Supplied material:
+++++

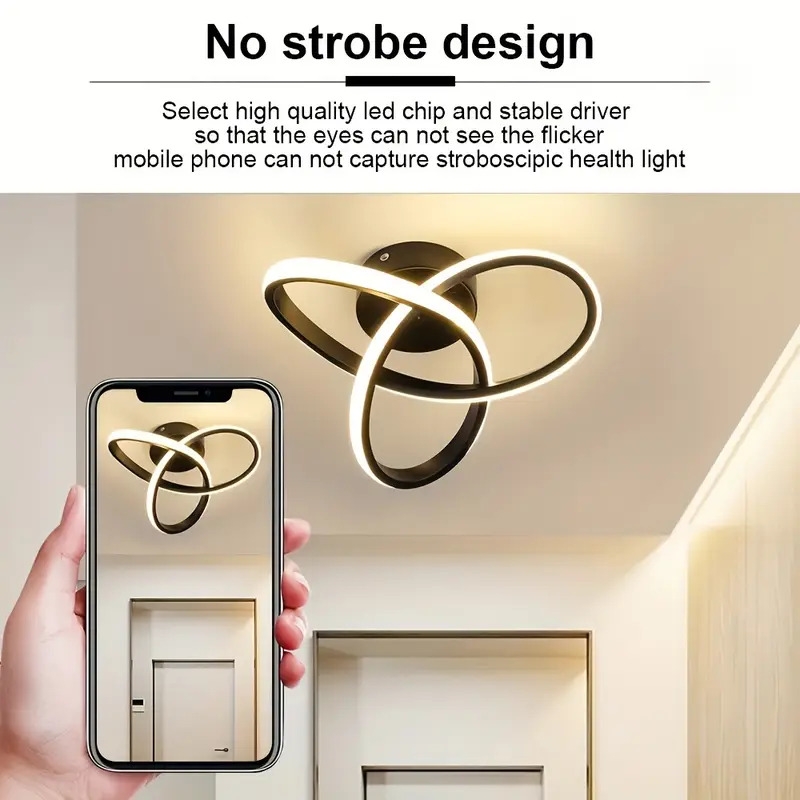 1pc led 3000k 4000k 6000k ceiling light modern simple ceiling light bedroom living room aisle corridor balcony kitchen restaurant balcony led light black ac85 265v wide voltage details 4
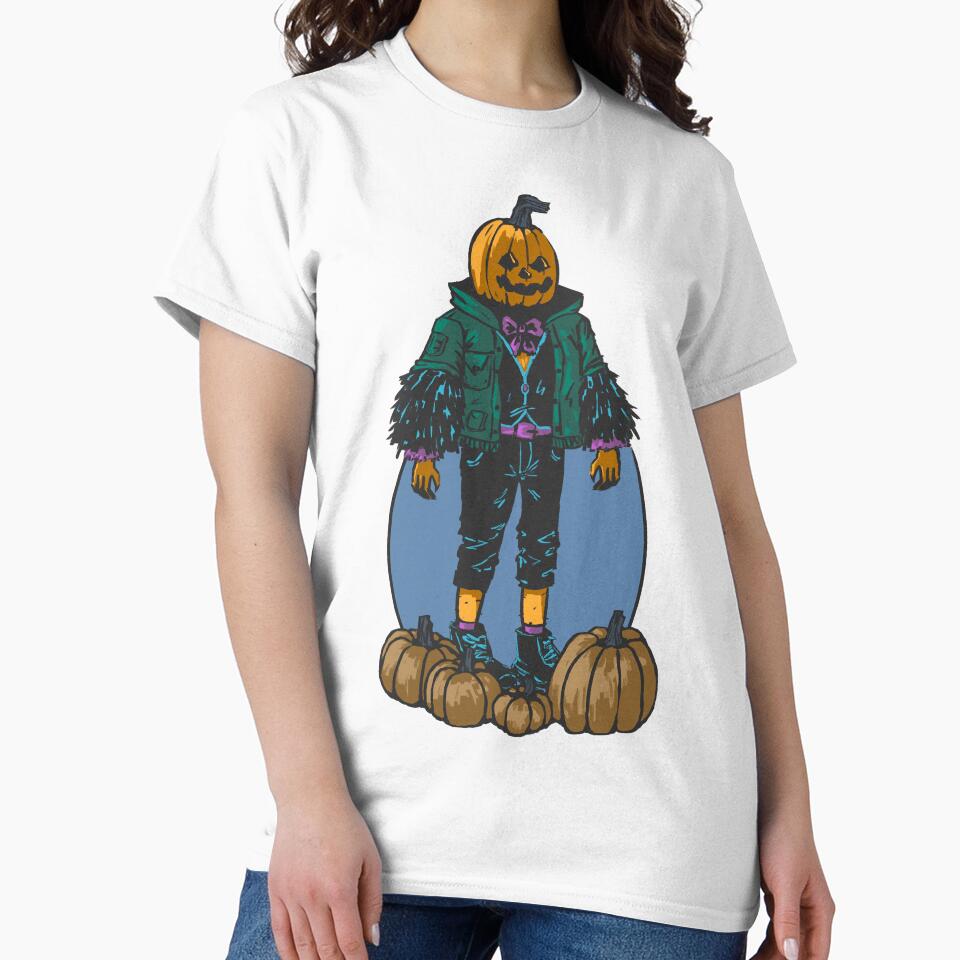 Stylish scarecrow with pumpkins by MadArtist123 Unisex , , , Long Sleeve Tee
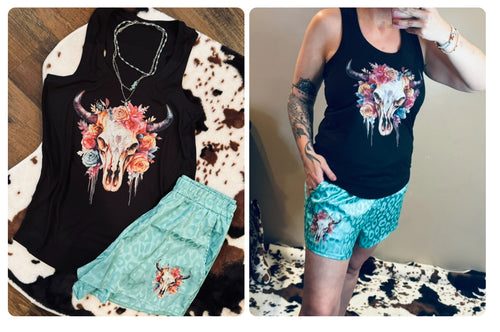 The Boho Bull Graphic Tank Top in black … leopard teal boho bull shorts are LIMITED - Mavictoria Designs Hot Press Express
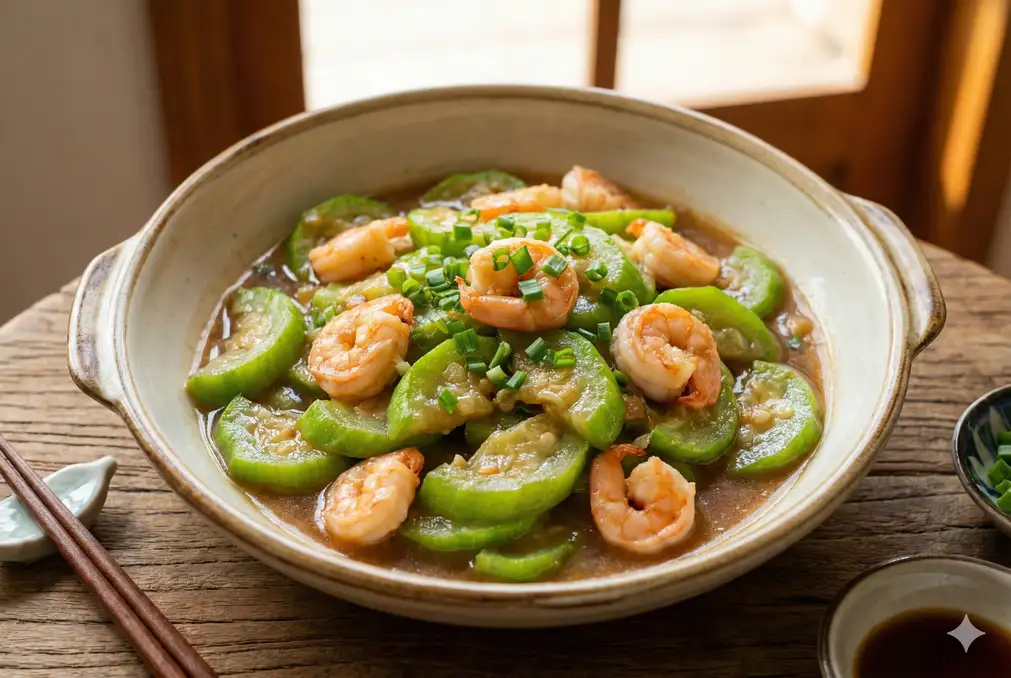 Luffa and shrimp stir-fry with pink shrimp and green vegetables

+++++

Task goal: What is needed is an exact copy of the lines from the one with "Stylish scarecrow with" through the end of the data above, both included, minus any pictures.

Answer to this exercise:
 Stylish scarecrow with pumpkins by MadArtist123 Unisex , , , Long Sleeve Tee
 The Boho Bull Graphic Tank Top in black … leopard teal boho bull shorts are LIMITED - Mavictoria Designs Hot Press Express
 Luffa and shrimp stir-fry with pink shrimp and green vegetables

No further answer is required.